Application of Artificial Intelligence in Managing Glaucoma and Retinal Diseases

Artificial intelligence demonstrates comparable or superior performance to human ophthalmologists in diagnosing and treating glaucoma.

September 2024
Application of Artificial Intelligence in Managing Glaucoma and Retinal Diseases

AI works as well or better than human ophthalmologists in diagnosing and treating glaucoma. It also agrees with ophthalmologists in the management of retinal diseases.

Evaluation of a large language model’s responses to questions and cases about glaucoma and retinal management

Key points

Can a large language model (LLM) chatbot provide accurate and complete answers compared to ophthalmologists trained in the management of glaucoma and retinal diseases?

Findings

In this cross-sectional study, with responses rated using a Likert scale, the LLM chatbot demonstrated comparative competence, largely matching, if not surpassing, glaucoma and retinal subspecialists in addressing ophthalmologic questions and patient case management.

Meaning

The findings underscore the potential utility of LLMs as valuable diagnostic adjuncts in ophthalmology, particularly in surgical and highly specialized subspecialties of glaucoma and retina.

 

Importance

Large Language Models (LLM) are revolutionizing medical diagnosis and treatment, offering unprecedented accuracy and ease that surpass conventional search engines. Its integration into health care programs will be essential for ophthalmologists as a complement to the practice of evidence-based medicine. Therefore, the accuracy of diagnostic and treatment responses generated by LLM compared to trained ophthalmologists may help evaluate its accuracy and validate its potential utility in ophthalmic subspecialties.

Aim

To compare the diagnostic accuracy and breadth of responses from an LLM chatbot to those of glaucoma and retinal specialists trained in ophthalmological questions and real patient case management.

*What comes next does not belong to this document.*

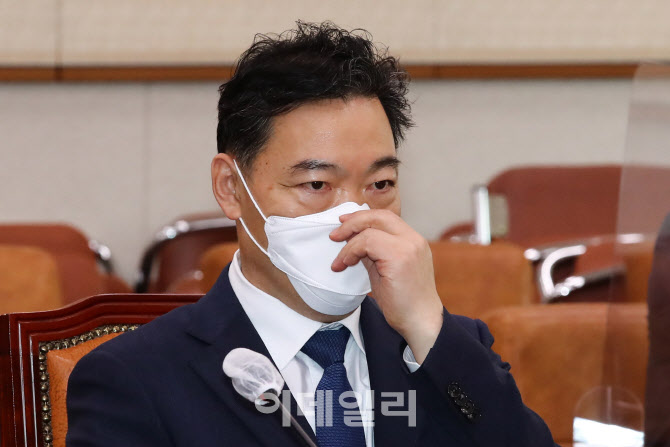 [포토]김오수, 이성윤 직무배제 요구에 “취임 이후 의견 낼 것”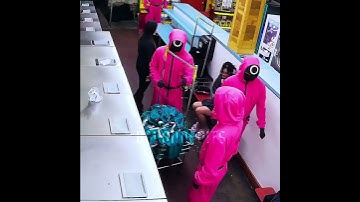 Thumbnail of Pink Guards Irl☠️🔥| Squid Game Prank | funk de beleza sped up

Design, environment and participants

This comparative cross-sectional study recruited 15 participants aged 31 to 67 years, including 12 attending physicians and 3 senior trainees, from ophthalmic clinics affiliated with the Department of Ophthalmology at the Icahn School of Medicine at Mount Sinai, New York, New York. The glaucoma and retina questions (10 of each type) were randomly selected from the American Academy of Ophthalmology’s most frequently asked questions.

Unidentified glaucoma and retinal cases (10 of each type) were randomly selected from ophthalmology patients seen at the Icahn School of Medicine at Mount Sinai-affiliated clinics. The LLM used was GPT-4 (version dated May 12, 2023). Data was collected from June to August 2023.

Main results and measures

Responses were evaluated using a Likert scale to determine medical accuracy and completeness. Statistical analysis involved the Mann-Whitney U test and the Kruskal-Wallis test, followed by pairwise comparison.

Results

The combined mean ranking of question cases for accuracy was 506.2 for the LLM chatbot and 403.4 for glaucoma specialists (n = 831; Mann-Whitney U = 27976.5; P < 0.001), and the mean rating for completeness was 528.3 and 398.7. respectively (n = 828; Mann-Whitney U = 25218.5; P < .001).

The mean accuracy rating was 235.3 for the LLM chatbot and 216.1 for the retinal specialists (n = 440; Mann-Whitney U = 15,518.0; P = .17), and the mean completeness rating was 258. .3 and 208.7, respectively (n = 439; Mann-Whitney U = 13123.5; P = .005).

Dunn’s test revealed a significant difference between all pairwise comparisons except between the specialist and the trainee in the rating of chatbot integrity. Overall pairwise comparisons showed that both learners and specialists rated the chatbot’s accuracy and completeness more favorably than their specialist counterparts, with specialists noting a significant difference in chatbot accuracy and completeness (z = 3.23; P = .007) and integrity (z = 5.86; p < .001).

Application of Artificial Intelligence in Managing
FigureIn the boxplots presented, the box indicates the IQR between the first and third quartiles; the center line indicates the median of the data set; whiskers indicate 1.5 times the IQR; circles indicate mild outliers (values ​​between 1.5 and 3 times the IQR); and triangles indicate extreme outliers (more than 3 times the IQR).

Conclusions and relevance

This study accentuates the comparative proficiency of LLM chatbots in diagnostic accuracy and completeness compared to trained ophthalmologists in various clinical scenarios.

The LLM chatbot outperformed glaucoma specialists and matched retinal specialists in diagnostic and treatment accuracy, supporting its role as a promising diagnostic adjunct in ophthalmology.

Comments

The new study tested the AI ​​with a panel of human doctors by evaluating 20 patient cases.

Artificial intelligence can match and even surpass human ophthalmologists in diagnosing and treating glaucoma, a new study finds.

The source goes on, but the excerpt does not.